Au fond, l’Algérie, c’est surtout un désert. Le peuple au départ, c’est un peuple de pasteurs, c’est un peuple qui marche. Il marche derrière ses troupeaux. Donc, il faut marcher pour vivre. Quand ils vivent dans l’immensité, cela les enivre et à la fin, ils ne peuvent pas imaginer de vivre autrement, pare que l’espace c’est la liberté, même quand on ne mange pas, quand on est pauvre, même quand on froid et qu’on a froid, on se sent libre et puis cela développe la poésie. La profonde solitude dans laquelle on se trouve à ces moments-là aide beaucoup à se retrouver. Moi, je sais que quand je marche, j’ai des idées. C’est là que je rêve le mieux, c’est quand je marche. Oui, on veut découvrir le monde, c’est sûr, et on le découvre en marchant. Justement, ma première émotion poétique m’est venue en marchant. À la découvre d’un brin d’herbe, devant une rivière, je me suis mis à marcher et puis j’ai vu que la rivière ça allait loin.
« Ici, je suis né. Ici je rampe encore pour apprendre à me tenir debout, avec la même blessure ombilicale qu’il n’est plus temps de recoudre. Ici est la rue des vandales, des fantômes, des militants, de la marmaille circoncise et des nouvelles mariées. Ici est notre rue. Pour la première fois je la sens palpiter comme la seule artère en crue où je puisse rendre l’âme sans la perdre. Je ne suis plus un corps mais je suis une rue. Ici est la rue de Nedjma. »
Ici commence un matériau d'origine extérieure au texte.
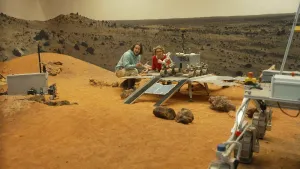 Een foto van een als de planeet Mars ingerichte ruimte met een kale heuvel van zand met enkele kleine stenen erop. Op de heuvel is  een robotwagen van Esa uitgeklapt te zien. Achter de wagen zitten de presentator en Planeetwetenschapper Inge Loes. 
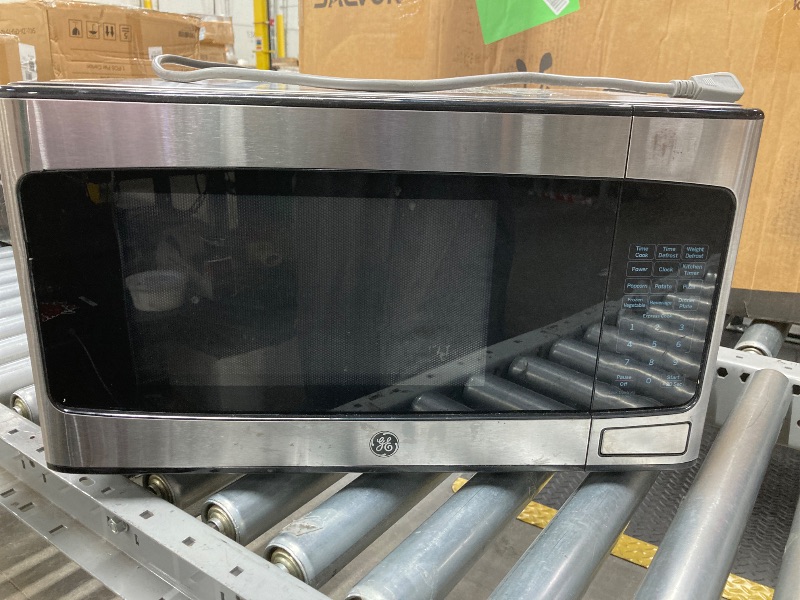 Photo 1 of ***Glass Interior Plate is Missing*** GE Microwave 20Wx11Hx14.5 Depth.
La francophonie au départ, chez nous en Algérie en tout cas, procédait d’un fort désir de nous rendre français. Pour nous, la francophonie est irrémédiablement liée au colonialisme. La francophonie en tant que machine politique. Alors, celle-là, moi, cette francophonie-là, je m’en désolidarise, je la combat. Mais par contre, la langue française ne peut pas être aliénante quand on veille à respecter son génie propre, qui est un génie de libération et non pas d’aliénation. Pratiquer la langue française de manière libératrice, oui, la pratiquer pour continuer à être un objet du néocolonialisme, non !
Quelqu’un qui va en Algérie, qu’il soit un Algérien ou étranger, il est toujours frappé d’une chose, c’est que les femmes sont absentes, elles passent très vite, souvent la tête baissée, elles sont souvent importunées et importunes. Quant aux jeunes, les enfants de ces femmes, on le voit le dos au mur, comme des vieux, les bras ballants, ne sachant que faire : pas de travail, pas de distraction, rien, une prison. Le pays est devenu une prison.
D’après ce que je sais maintenant, le martyre du peuple algérien est devenu beaucoup plus difficile qu’avant, beaucoup plus difficile qu’avant parce qu’à l’heure actuelle, une Algérienne, une Tunisienne, une Marocaine ou une Africaine ne pourrait être appréciée à sa juste valeur que par un Européen. Ça, c’est ce qu’il y a de pire, ce qu’il y a de pire pour nous et c’est bien ce qui se produit.